## WHAT IS NEEDED:
Would you count the lines in the entries below that contain "know"? Reply with the number only.

## DATA FOR ANALYSIS:
# # # # #

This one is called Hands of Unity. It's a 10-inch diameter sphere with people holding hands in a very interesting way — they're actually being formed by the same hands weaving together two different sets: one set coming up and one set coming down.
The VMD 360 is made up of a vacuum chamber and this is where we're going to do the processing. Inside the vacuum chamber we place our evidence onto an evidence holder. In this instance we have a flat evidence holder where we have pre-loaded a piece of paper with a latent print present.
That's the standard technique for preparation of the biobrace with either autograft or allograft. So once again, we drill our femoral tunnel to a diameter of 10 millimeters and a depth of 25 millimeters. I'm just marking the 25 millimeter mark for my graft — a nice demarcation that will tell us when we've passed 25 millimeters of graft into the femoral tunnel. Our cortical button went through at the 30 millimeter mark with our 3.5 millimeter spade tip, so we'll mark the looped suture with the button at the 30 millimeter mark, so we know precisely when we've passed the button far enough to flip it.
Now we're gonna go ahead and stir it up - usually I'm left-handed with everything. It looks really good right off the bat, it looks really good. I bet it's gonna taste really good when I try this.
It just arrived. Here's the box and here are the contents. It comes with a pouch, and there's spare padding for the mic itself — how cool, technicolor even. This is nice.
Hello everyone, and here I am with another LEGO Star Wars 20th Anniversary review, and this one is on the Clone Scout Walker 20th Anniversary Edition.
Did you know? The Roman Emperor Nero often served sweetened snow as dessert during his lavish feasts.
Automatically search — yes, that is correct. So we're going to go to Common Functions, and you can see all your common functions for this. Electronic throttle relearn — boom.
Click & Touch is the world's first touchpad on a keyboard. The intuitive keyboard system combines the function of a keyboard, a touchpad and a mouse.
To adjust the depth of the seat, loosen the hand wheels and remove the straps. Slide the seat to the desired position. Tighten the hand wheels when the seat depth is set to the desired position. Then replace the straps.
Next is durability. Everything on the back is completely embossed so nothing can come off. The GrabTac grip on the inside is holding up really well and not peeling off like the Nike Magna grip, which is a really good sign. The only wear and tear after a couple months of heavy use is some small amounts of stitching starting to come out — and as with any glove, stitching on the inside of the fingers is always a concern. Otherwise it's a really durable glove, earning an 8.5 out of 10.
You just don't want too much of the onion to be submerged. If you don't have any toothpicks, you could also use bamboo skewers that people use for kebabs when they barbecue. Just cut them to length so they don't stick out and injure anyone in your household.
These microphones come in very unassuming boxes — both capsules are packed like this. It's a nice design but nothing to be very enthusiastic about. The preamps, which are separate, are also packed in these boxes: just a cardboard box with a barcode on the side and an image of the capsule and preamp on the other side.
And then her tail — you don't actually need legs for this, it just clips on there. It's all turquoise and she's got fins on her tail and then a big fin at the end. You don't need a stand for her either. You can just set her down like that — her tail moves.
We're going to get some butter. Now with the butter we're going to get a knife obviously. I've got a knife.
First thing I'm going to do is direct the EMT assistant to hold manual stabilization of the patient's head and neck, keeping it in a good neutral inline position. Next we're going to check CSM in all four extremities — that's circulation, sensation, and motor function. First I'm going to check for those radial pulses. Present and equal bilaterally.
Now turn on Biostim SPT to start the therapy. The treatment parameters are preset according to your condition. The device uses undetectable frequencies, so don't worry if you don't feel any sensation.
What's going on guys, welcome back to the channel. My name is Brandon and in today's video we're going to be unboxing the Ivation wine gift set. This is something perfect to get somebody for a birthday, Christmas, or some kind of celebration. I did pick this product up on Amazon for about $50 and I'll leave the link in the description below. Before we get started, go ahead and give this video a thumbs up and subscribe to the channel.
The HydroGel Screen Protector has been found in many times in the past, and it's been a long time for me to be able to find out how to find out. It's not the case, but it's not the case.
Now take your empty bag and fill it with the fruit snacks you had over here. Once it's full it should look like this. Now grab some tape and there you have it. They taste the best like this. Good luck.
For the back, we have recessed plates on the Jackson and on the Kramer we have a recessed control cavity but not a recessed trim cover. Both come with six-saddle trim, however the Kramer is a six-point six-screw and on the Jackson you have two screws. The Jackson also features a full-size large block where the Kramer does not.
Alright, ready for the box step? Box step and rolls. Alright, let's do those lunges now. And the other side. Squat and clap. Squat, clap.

# # # # #

## YOUR SOLUTION:
2